## Data provided

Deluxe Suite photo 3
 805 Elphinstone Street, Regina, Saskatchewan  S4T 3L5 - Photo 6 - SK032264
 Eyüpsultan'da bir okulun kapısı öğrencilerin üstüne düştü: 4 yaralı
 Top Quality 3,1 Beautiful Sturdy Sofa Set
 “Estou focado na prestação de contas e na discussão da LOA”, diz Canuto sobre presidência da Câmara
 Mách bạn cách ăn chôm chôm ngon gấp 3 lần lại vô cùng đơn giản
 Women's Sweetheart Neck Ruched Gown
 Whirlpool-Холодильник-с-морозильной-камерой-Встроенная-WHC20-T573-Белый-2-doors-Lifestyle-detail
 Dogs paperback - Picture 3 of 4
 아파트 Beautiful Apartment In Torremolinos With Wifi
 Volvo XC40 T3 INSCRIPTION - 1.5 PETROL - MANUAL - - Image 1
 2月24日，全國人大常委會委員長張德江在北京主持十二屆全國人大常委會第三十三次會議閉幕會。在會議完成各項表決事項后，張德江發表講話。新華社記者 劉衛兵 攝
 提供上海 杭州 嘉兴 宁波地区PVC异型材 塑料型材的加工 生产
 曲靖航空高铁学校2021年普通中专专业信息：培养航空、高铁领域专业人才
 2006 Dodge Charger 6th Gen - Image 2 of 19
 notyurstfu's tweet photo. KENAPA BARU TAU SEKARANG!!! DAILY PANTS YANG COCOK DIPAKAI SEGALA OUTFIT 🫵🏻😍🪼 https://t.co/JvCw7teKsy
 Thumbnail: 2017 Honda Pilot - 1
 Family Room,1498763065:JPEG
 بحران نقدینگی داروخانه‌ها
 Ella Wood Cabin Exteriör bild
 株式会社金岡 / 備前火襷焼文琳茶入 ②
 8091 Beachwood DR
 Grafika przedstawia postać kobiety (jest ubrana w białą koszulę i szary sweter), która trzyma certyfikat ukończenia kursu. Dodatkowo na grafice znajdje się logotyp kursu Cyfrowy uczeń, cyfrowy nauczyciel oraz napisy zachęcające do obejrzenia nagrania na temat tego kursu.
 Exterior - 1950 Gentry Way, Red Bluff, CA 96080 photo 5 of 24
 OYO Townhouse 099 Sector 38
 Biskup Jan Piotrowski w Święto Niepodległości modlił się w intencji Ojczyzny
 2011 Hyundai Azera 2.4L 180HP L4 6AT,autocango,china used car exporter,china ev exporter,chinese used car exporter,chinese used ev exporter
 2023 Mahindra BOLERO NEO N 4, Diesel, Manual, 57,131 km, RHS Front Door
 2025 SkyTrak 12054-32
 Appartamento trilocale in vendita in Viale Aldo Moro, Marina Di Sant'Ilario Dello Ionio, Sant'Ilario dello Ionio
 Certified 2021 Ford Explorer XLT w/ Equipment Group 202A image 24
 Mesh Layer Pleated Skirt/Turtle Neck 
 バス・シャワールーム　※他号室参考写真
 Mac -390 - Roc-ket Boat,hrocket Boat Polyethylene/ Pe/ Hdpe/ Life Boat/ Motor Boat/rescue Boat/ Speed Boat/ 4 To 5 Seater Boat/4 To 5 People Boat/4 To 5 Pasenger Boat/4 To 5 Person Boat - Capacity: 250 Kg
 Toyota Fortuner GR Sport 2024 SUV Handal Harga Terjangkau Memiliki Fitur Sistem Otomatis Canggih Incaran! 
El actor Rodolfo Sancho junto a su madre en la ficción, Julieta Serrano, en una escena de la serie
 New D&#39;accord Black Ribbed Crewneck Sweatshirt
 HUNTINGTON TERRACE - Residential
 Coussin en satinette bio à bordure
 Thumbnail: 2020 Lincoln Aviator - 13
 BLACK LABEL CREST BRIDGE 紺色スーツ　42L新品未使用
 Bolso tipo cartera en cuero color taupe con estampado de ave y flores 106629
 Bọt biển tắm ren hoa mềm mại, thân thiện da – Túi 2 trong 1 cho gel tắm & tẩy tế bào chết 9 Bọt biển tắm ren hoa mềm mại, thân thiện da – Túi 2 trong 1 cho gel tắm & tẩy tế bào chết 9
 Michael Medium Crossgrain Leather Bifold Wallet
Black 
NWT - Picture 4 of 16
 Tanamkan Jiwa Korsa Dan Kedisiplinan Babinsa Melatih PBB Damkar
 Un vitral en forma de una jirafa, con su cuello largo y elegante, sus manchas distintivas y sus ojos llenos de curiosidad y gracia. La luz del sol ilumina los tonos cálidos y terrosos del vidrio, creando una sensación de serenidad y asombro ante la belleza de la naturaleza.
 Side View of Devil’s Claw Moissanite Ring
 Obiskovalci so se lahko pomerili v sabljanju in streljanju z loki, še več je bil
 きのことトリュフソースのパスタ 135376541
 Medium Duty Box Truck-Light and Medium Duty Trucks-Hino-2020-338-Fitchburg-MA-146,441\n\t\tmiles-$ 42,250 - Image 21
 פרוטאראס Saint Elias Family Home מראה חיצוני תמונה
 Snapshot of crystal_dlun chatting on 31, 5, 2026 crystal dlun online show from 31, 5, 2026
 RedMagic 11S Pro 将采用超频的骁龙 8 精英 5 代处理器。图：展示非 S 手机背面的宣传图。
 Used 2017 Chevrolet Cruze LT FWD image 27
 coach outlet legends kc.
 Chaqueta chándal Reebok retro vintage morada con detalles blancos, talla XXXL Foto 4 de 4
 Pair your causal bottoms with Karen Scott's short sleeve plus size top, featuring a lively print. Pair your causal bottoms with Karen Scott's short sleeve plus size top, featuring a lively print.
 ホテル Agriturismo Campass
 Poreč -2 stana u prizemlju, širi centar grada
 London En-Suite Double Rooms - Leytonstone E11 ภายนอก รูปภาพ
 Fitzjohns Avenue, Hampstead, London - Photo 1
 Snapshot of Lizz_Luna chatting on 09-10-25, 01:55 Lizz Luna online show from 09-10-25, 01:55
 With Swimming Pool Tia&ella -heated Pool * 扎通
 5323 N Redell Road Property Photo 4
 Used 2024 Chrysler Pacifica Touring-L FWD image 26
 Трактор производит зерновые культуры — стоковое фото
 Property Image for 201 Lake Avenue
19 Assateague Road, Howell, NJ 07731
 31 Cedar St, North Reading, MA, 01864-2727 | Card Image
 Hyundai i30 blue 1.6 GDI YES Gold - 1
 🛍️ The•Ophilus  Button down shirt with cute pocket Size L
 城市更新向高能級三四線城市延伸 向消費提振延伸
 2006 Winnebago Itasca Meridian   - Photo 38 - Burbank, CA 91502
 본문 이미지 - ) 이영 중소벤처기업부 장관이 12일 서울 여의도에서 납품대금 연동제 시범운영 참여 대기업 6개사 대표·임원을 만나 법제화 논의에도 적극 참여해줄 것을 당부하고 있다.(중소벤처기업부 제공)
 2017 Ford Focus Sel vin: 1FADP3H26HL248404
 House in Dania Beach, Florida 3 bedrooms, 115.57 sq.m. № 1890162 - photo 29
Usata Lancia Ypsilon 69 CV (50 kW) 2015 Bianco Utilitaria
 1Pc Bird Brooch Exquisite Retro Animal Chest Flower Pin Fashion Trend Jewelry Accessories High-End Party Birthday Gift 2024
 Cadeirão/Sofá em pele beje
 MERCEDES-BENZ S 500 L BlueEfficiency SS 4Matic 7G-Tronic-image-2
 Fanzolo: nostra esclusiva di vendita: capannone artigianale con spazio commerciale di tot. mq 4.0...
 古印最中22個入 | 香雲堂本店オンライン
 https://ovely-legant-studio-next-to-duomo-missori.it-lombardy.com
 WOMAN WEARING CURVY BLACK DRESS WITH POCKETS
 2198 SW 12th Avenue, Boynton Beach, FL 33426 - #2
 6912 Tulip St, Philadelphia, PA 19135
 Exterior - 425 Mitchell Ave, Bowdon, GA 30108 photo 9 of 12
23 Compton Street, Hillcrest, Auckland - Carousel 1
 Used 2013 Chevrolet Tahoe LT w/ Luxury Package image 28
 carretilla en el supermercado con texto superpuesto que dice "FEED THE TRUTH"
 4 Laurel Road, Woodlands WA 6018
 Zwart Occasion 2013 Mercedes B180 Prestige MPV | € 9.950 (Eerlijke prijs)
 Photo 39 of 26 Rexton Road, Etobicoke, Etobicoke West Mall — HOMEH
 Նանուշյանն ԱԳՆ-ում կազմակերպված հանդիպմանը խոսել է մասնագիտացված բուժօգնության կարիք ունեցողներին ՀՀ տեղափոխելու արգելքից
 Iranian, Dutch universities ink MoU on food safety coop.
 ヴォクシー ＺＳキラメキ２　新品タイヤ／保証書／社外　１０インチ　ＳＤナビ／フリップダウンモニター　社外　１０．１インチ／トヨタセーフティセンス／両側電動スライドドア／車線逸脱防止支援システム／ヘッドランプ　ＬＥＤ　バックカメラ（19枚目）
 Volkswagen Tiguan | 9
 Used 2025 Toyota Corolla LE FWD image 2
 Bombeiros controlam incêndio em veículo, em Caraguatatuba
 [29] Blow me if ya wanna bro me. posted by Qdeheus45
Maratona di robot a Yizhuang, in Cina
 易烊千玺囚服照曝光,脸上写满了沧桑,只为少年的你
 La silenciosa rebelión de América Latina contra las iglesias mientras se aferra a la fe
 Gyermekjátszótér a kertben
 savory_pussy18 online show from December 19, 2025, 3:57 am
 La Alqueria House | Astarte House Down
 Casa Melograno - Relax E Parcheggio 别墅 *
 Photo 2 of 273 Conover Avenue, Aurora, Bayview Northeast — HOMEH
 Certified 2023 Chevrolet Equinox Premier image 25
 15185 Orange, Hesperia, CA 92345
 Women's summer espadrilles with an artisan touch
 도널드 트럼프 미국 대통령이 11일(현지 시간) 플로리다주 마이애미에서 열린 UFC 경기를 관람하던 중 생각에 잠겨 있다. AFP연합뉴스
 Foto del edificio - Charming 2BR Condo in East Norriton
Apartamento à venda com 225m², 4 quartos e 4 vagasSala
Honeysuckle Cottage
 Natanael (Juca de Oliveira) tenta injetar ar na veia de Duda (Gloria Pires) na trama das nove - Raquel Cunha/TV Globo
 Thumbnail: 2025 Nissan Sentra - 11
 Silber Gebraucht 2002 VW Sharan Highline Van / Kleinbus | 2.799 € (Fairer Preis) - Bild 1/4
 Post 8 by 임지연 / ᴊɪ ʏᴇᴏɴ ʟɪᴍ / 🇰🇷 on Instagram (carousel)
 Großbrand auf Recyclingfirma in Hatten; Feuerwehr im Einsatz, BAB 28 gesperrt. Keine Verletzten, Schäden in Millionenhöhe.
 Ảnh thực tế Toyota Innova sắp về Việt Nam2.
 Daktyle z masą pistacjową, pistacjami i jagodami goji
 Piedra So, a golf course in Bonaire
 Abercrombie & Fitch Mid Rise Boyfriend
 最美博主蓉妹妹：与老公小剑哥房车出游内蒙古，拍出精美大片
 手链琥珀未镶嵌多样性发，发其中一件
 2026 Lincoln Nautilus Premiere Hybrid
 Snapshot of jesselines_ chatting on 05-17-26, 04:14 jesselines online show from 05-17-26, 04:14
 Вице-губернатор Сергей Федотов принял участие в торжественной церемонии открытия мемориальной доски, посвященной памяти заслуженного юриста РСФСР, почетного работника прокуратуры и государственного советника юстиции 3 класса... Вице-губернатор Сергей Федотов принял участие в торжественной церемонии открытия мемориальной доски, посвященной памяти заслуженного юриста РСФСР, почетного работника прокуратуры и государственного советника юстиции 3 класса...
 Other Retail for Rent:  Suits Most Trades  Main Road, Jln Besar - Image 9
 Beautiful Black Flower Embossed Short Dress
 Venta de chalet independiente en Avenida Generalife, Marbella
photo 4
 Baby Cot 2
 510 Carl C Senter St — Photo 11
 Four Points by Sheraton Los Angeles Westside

## What you need to do
From the data above, output only the lines between the line containing "古印最中22個入 | 香雲堂本店オンライン" and the line containing "6912 Tulip St, Philadelphia, PA 19135", inclusive, exactly as written.

## Your solution
 古印最中22個入 | 香雲堂本店オンライン
 https://ovely-legant-studio-next-to-duomo-missori.it-lombardy.com
 WOMAN WEARING CURVY BLACK DRESS WITH POCKETS
 2198 SW 12th Avenue, Boynton Beach, FL 33426 - #2
 6912 Tulip St, Philadelphia, PA 19135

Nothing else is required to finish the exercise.